Sweet truth in vino's varied taste
AMONG wine's many virtues is that it is ideal to use in consumer taste tests because it neutralises a tendency in subjects to make socially appropriate responses, according to sensory scientist Anthony Saliba.
AMONG wine's many virtues is that it is ideal to use in consumer taste tests because it neutralises a tendency in subjects to make socially appropriate responses, according to sensory scientist Anthony Saliba.
"So, with cake, people have a tendency to say they like the non-sweet product because they know that's the so-called healthy response," Saliba says.
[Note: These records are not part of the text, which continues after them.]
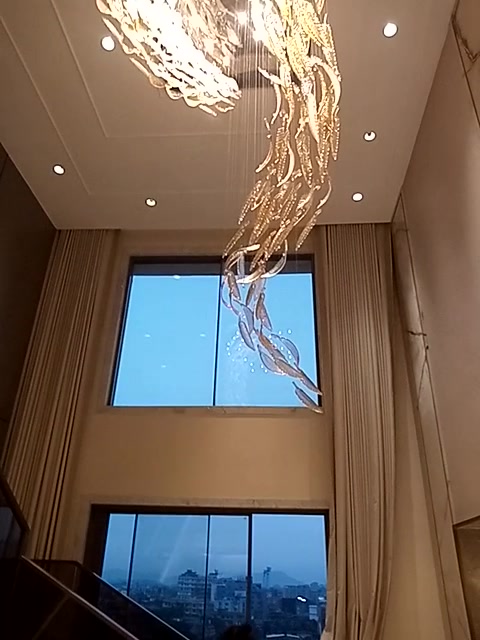 Full drop of the feather glass chandelier past the tall windows of the double-height living room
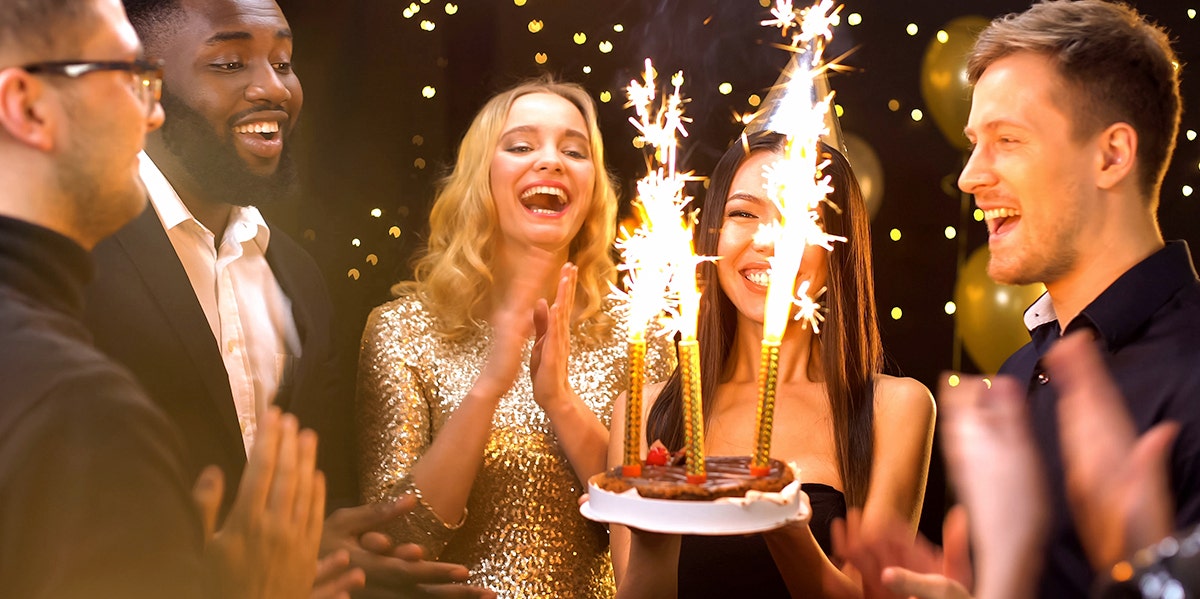 friends celebrating birthday with cake sparklers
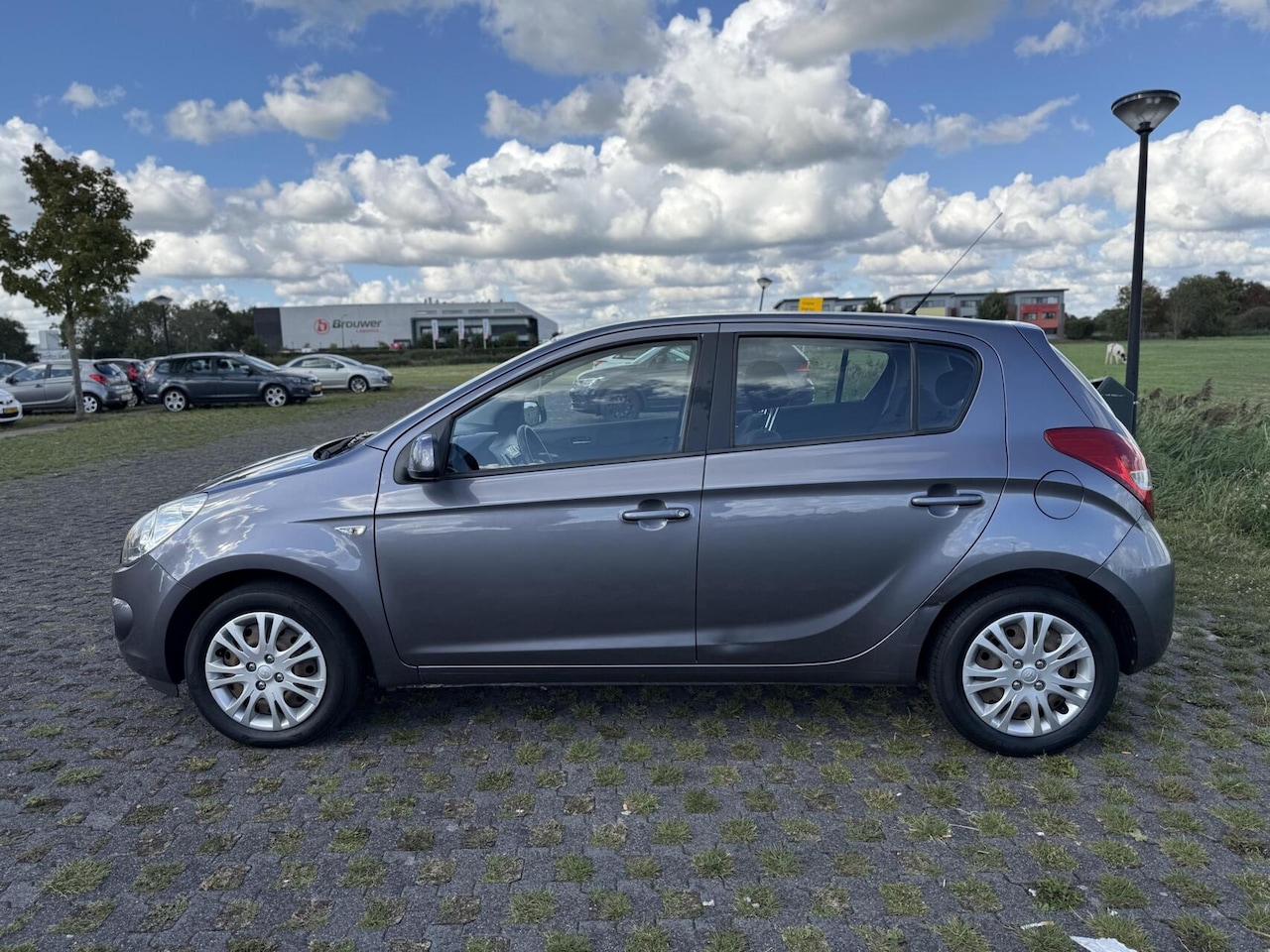 Hyundai i20 - 1.2i 2009 5-deurs BT Scherm Airco Dealer ondh - AutoWereld.nl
They feel no such compulsion with wine, so it is easier to establish who has a sweet tooth. This has proved very useful because it has enabled Saliba, from Charles Sturt University's National Wine and Grape Centre, to collaborate with psychologists at the Britain's Sheffield Hallam University on some applied research in the area.
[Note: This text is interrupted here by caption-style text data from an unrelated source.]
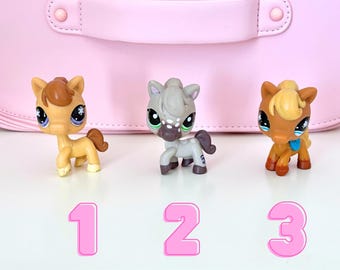 Pode incluir: Três cavalos de brinquedo em tons de bege, cinza e castanho, com olhos grandes e pequenas crinas. Os brinquedos estão numerados 1, 2 e 3 em rosa. O fundo é rosa claro, com uma pega rosa a condizer.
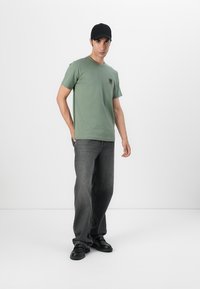 Tricou din bumbac de culoare verde măsliniu cu un mic logo pe piept, asortat cu blugi gri închis și încălțăminte neagră, pe un fundal alb.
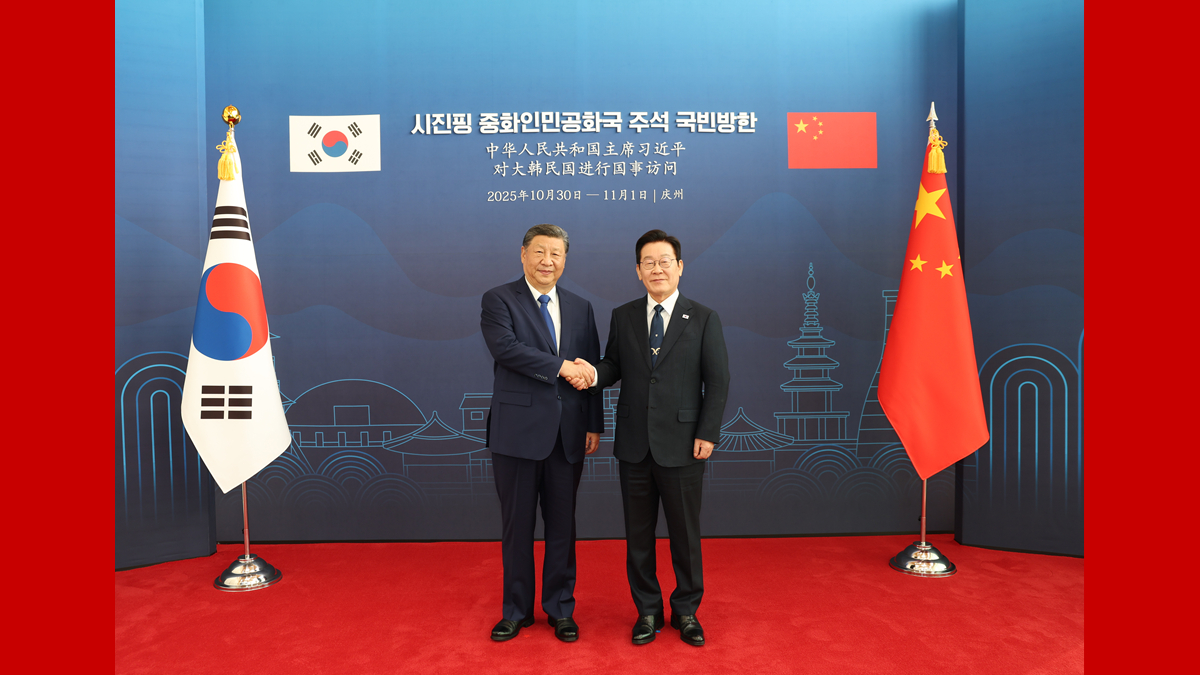 习近平同韩国总统李在明会谈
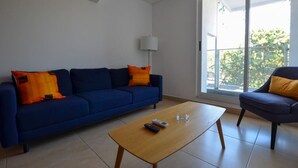Uma sala de estar com um sofá azul, uma mesa de centro de madeira, um abajur e uma cadeira.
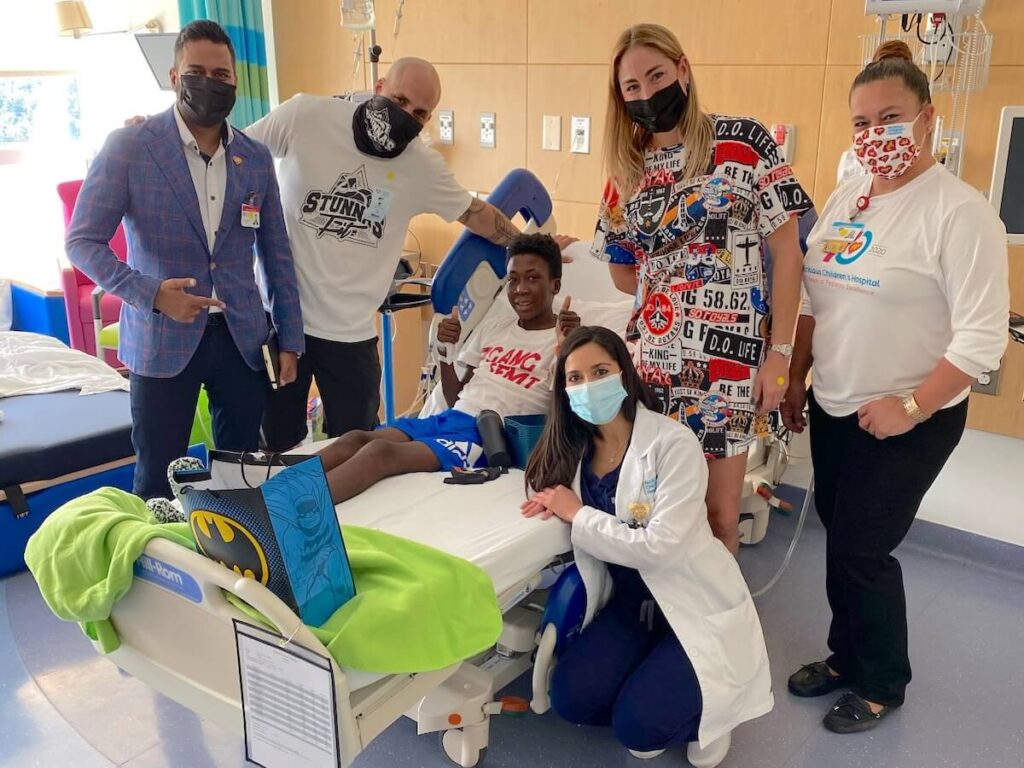 4 adults and a doctor visiting a child in a hospital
"They were interested in how personality style develops throughout lifespan, and the link between personality and obesity," he says of his English colleagues.
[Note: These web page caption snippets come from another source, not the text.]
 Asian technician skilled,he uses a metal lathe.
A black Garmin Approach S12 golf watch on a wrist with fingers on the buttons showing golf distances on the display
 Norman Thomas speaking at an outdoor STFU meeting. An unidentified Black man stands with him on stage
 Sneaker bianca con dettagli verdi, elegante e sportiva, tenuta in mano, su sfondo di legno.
Working with 45 subjects from the Sheffield area, the team conducted taste tests and personality tests, finding people who preferred sweet wine were likelier to be impulsive and had a lower level of openness.
These links are regarded as worth exploring in future studies.
Impulsiveness predicts a willingness to try new things, including foods. Lack of openness operates altogether differently, so that if, for example, bad dietary habits are established early in life, they are likely to persist throughout.
Saliba says that, given a preference for sweetness is established in the womb, if a simple test can be devised to establish whether a preference for sweetness exists in a child, parents would have a good chance of effectively managing diet to lessen the risk of obesity.
They also would be more understanding of the innate desire for sweet things and make sure the diet was balanced to accommodate that.
From the point of view of the wine industry, Saliba hopes the information will help with the tricky business of predicting what consumers like in wine, given medal counts from wine competitions are not an accurate indicator of what consumers prefer.
For example, there are quick quizzes customers could be asked to complete at the cellar door, to determine whether they are high on impulsiveness. "Appeals to that could be woven into welcome speeches at the cellar door."
It also has implications for label design: "We now know that if you like a dry wine you have a higher level of openness, which means the innovative labels should probably be used on those bottles, whereas the tendency has been to put them on thesweet wines."